EXTRACTED ENTRIES:
========================================================================

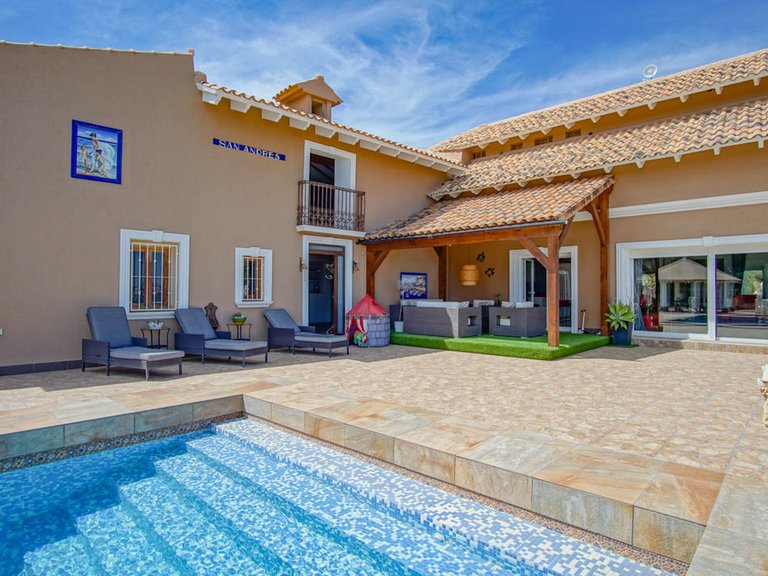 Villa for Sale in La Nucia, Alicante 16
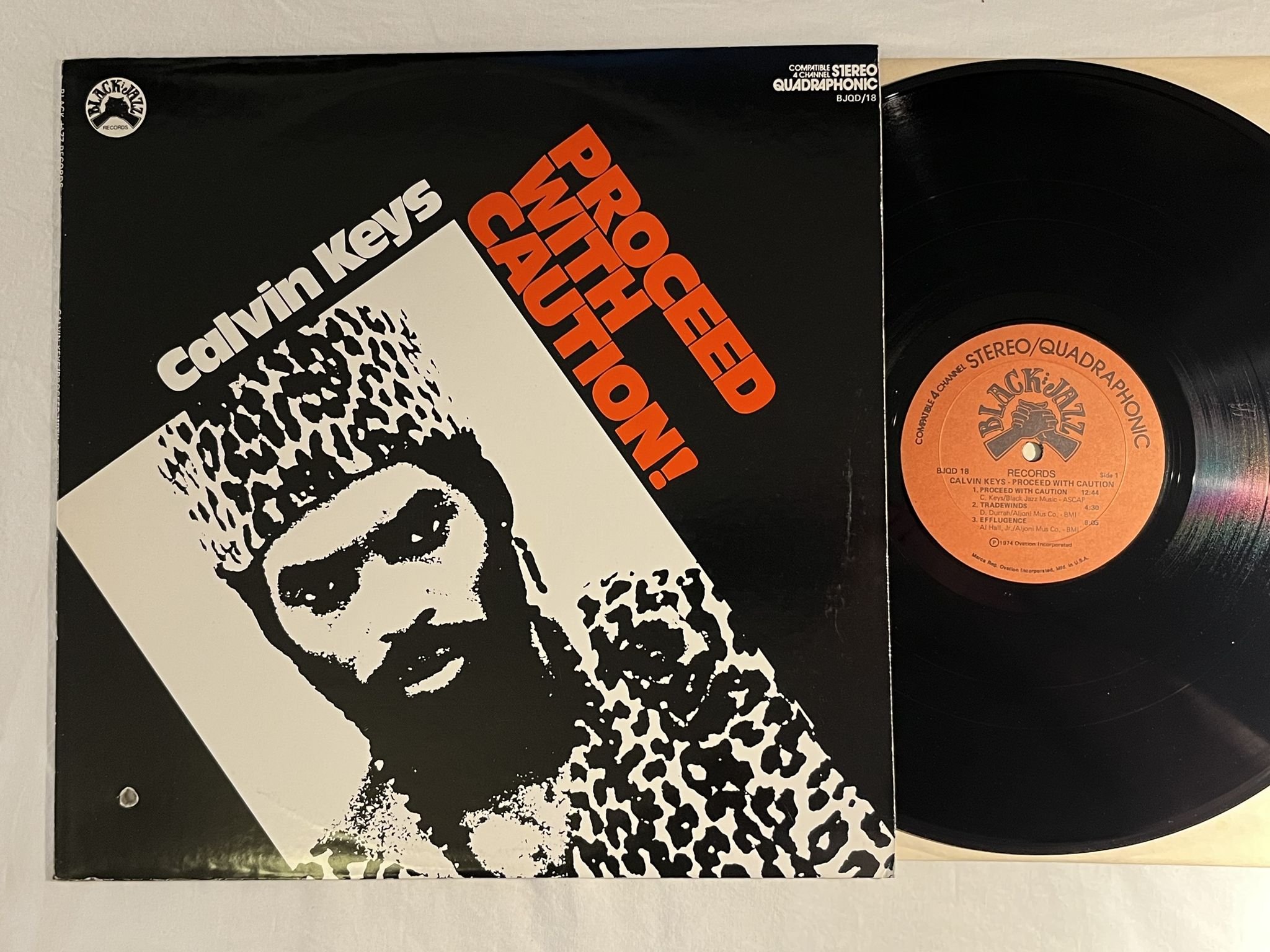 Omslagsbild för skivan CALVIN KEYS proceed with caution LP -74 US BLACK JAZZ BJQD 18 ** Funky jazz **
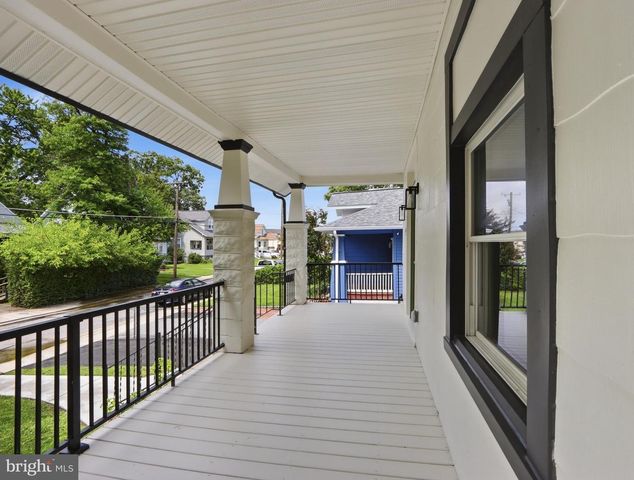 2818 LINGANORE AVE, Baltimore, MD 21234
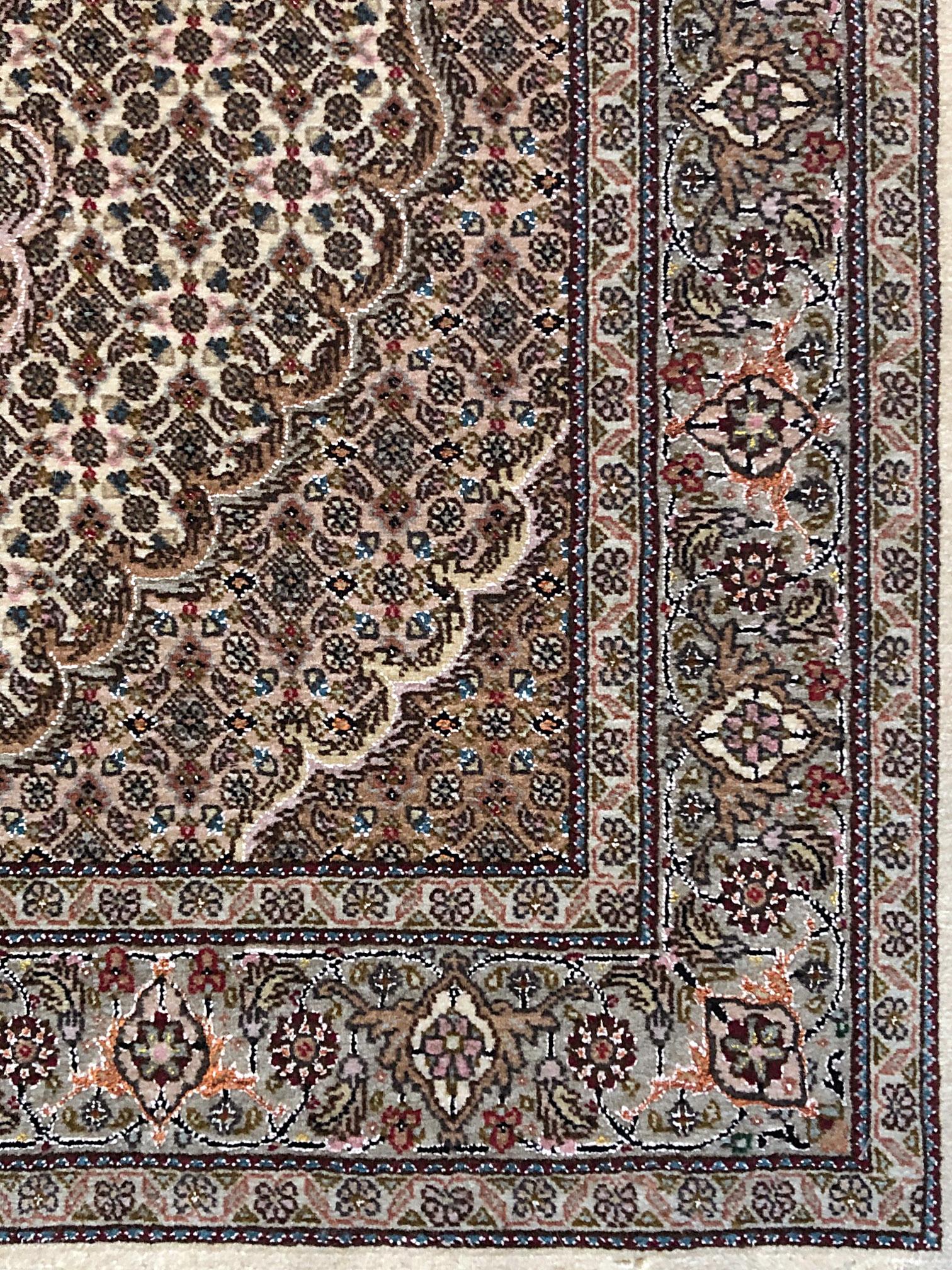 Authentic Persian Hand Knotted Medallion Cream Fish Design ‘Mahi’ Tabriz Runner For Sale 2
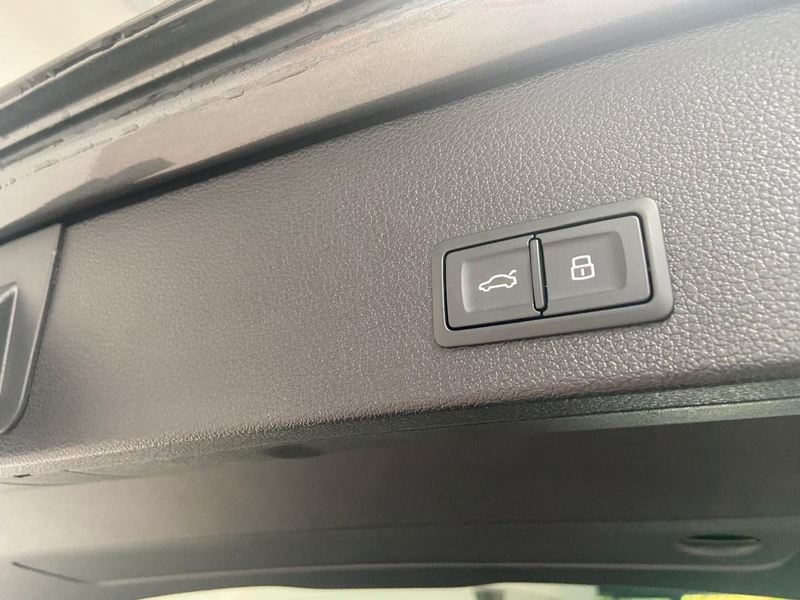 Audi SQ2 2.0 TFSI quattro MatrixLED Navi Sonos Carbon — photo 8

========================================================================

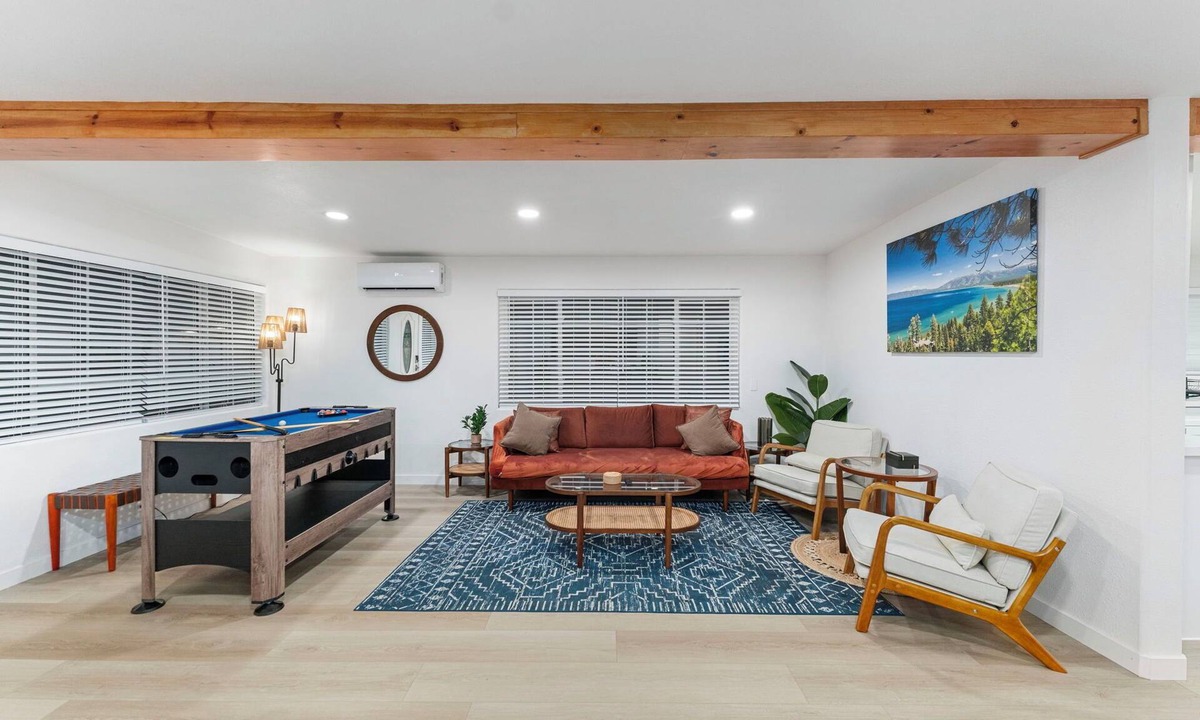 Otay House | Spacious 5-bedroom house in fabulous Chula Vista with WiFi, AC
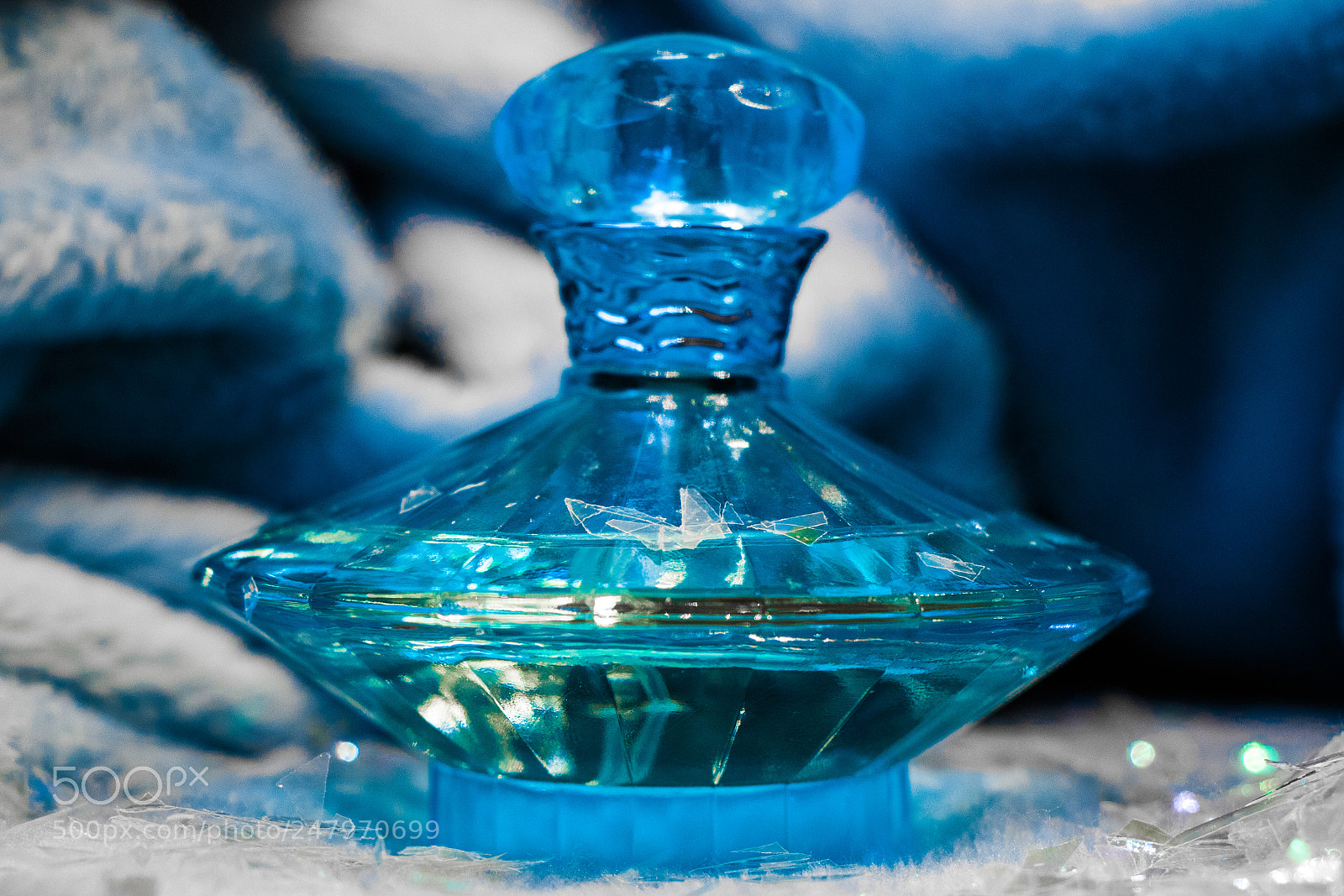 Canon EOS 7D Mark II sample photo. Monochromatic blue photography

========================================================================

When you reach the line with "Omslagsbild för skivan" in the records above, start writing out each line exactly, and stop after the line with "Audi SQ2 2.0". Pictures stay out.

SOLUTION TO THE EXERCISE:
 Omslagsbild för skivan CALVIN KEYS proceed with caution LP -74 US BLACK JAZZ BJQD 18 ** Funky jazz **
 2818 LINGANORE AVE, Baltimore, MD 21234
 Authentic Persian Hand Knotted Medallion Cream Fish Design ‘Mahi’ Tabriz Runner For Sale 2
 Audi SQ2 2.0 TFSI quattro MatrixLED Navi Sonos Carbon — photo 8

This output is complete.